The transition log probability from any state to the start state is -∞, so for any value of i from 1 onwards, vstart,i = -∞. Go ahead and fill those in to save time:

Viterbi with first row filled in

For the next element vexon,1 we only have to consider the transition from the start state to the exon state, because that is the only transition permitted by the model. Even if we do the calculations for the other transitions, the results of those calculations will be negative infinities because the Viterbi probability of non-start states in the first column are negative infinities. The log-probability at vexon,1 is therefore:

  • vexon,1 = vstart,0 + tstart,exon + eexon,1 = 0 + 0 + -1.61 = -1.61

The log-probability of vintron,1 is negative infinity because the model does not permit the state at the first sequence position to be an intron. This can be effected computationally by setting the tstart,intron log-probability to negative infinity. Then regardless of the Viterbi and emission log-probabilities, the sum of v, t and e will be negative infinity.

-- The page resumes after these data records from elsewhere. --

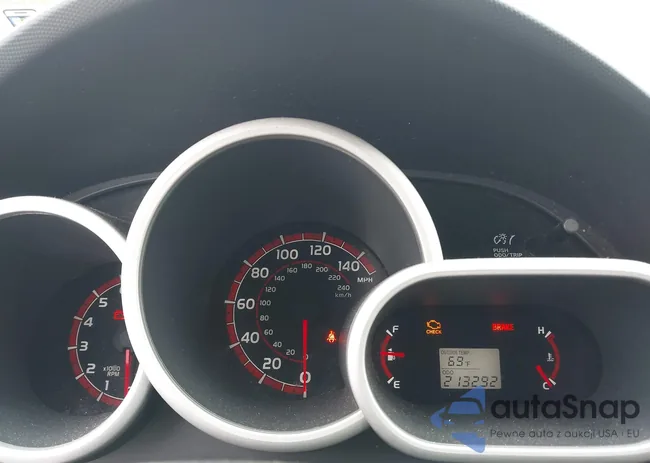 2T1KE4EEXCC048878: 42268214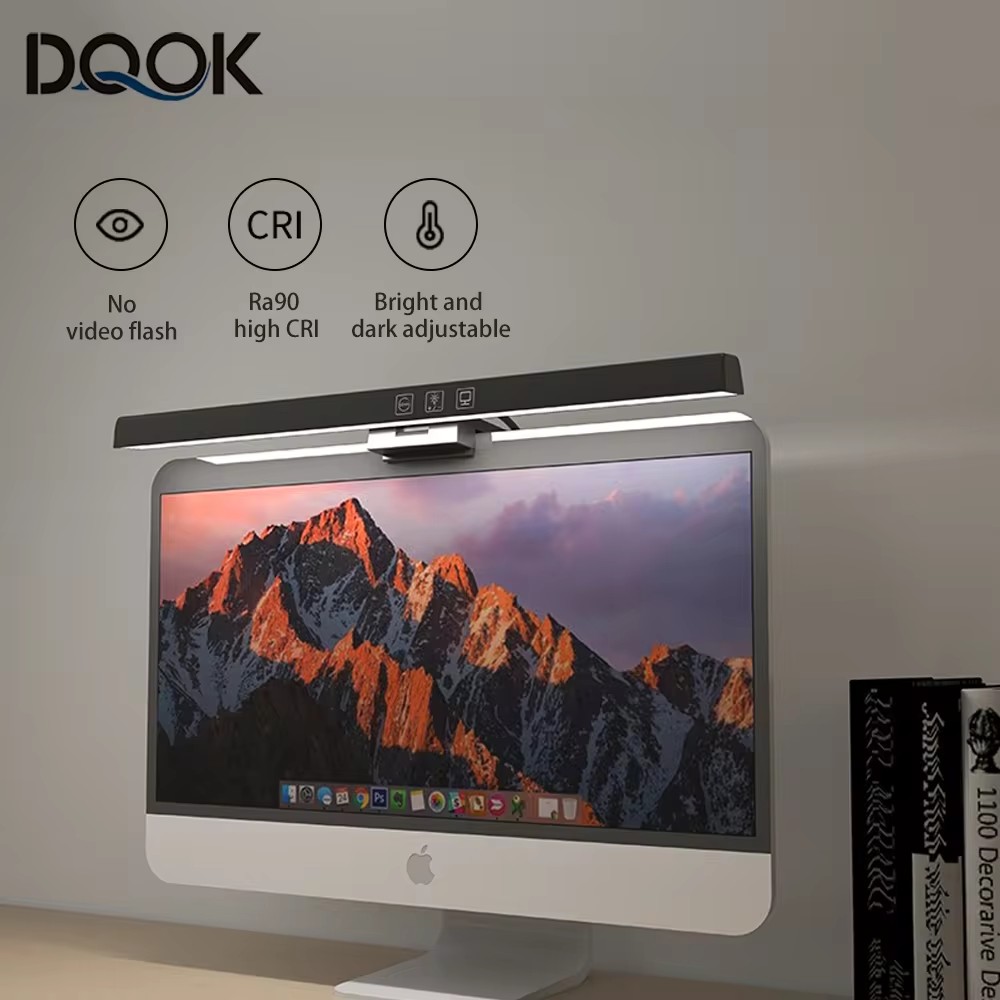 デスクトップ,コンピューター,ラップトップ,オフィス,書斎, - Desk Setup For Laptop のレビューと価格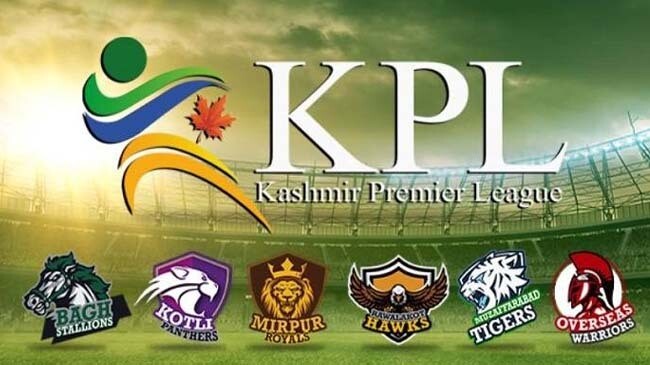 kpl final copy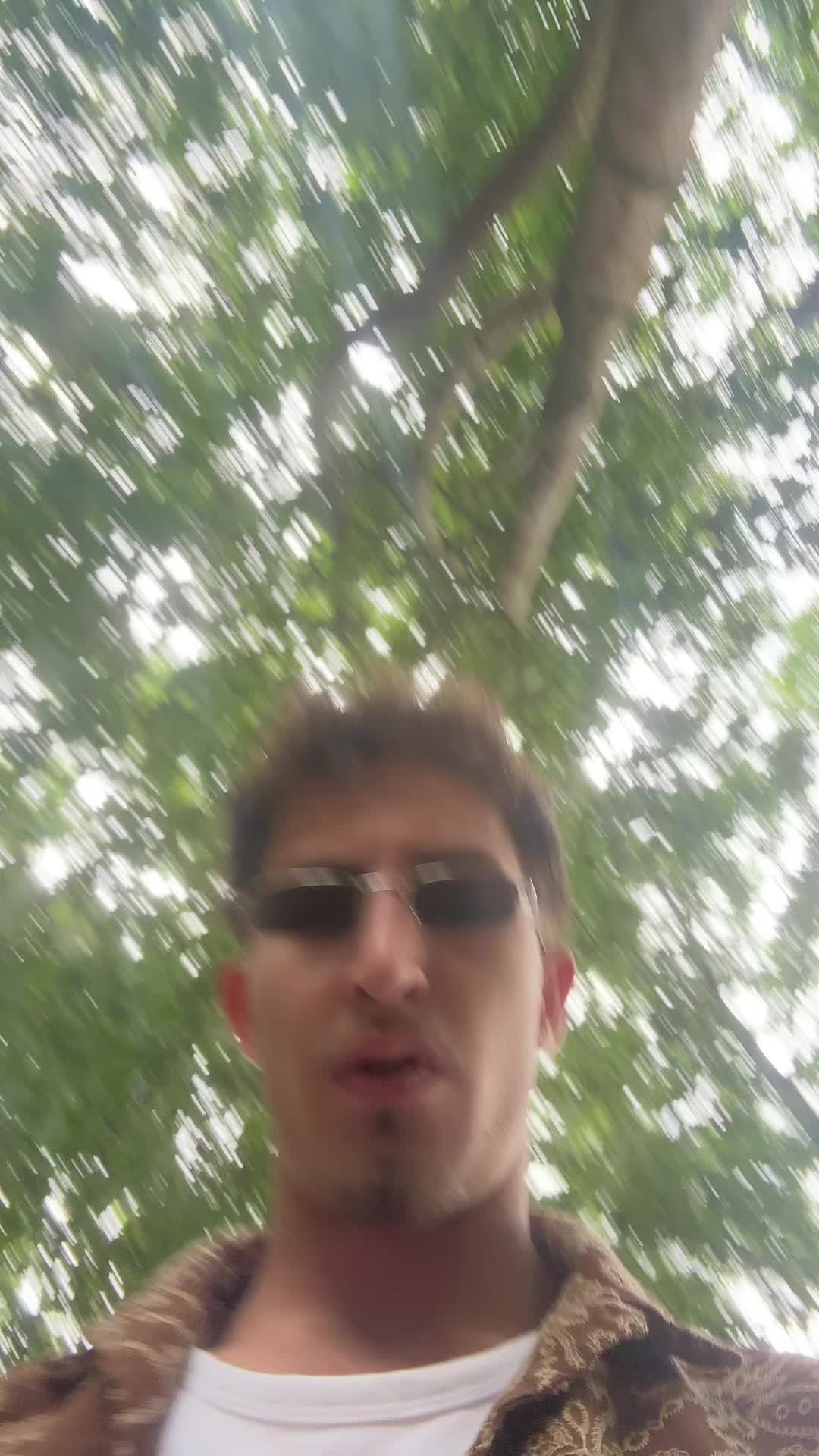 @77vlogs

Fill in both values for the first position of the sequence (or second column of the matrix), and add a pointer from the exon state to the start state:

Viterbi with first position filled in

Once we get to vexon,2, we only have to consider the exon to exon transition since the log-probabilities for the other states at the previous position are negative infinities. So this log-probability will be:

  • vexon,2 = vexon,1 + texon,exon + eexon,2 = -1.61 + -0.21 + -2.04 = -3.86

And for the same reason to calculate vintron,2 we only have to consider the exon to intron transition, and this log-probability will be:

  • vintron,2 = vexon,1 + texon,intron + eintron,2 = -1.61 + -1.66 + -2.12 = -5.39

So fill on those values, and add pointers to the only permitted previous state, which is the exon state:

Viterbi with second position filled in

For the next position, we have to consider all transitions between intron or exon to intron or exon since both of those states have finite log-probabilities at the previous position. The log-probability of vexon,3 will be the maximum of:

  • vexon,2 + texon,exon + eexon,3 = -3.86 + -0.21 + -2.04 = -6.11
  • vintron,2 + tintron,exon + eexon,3 = -5.39 + -2.04 + -2.04 = -9.47

The previous hidden state that maximizes the Viterbi log-probability for the exon state at the third sequence position is therefore the exon state, and the maximum log-probability is -6.11. The log-probability of vintron,3 will be the maximum of:

  • vexon,2 + texon,intron + eintron,3 = -3.86 + -1.66 + -2.12 = -7.64
  • vintron,2 + tintron,intron + eintron,3 = -5.39 + -0.14 + -2.12 = -7.65

The previous hidden state that maximizes the Viterbi log-probability for the intron state at the third sequence position is therefore also the exon state, and the maximum log-probability is -7.64.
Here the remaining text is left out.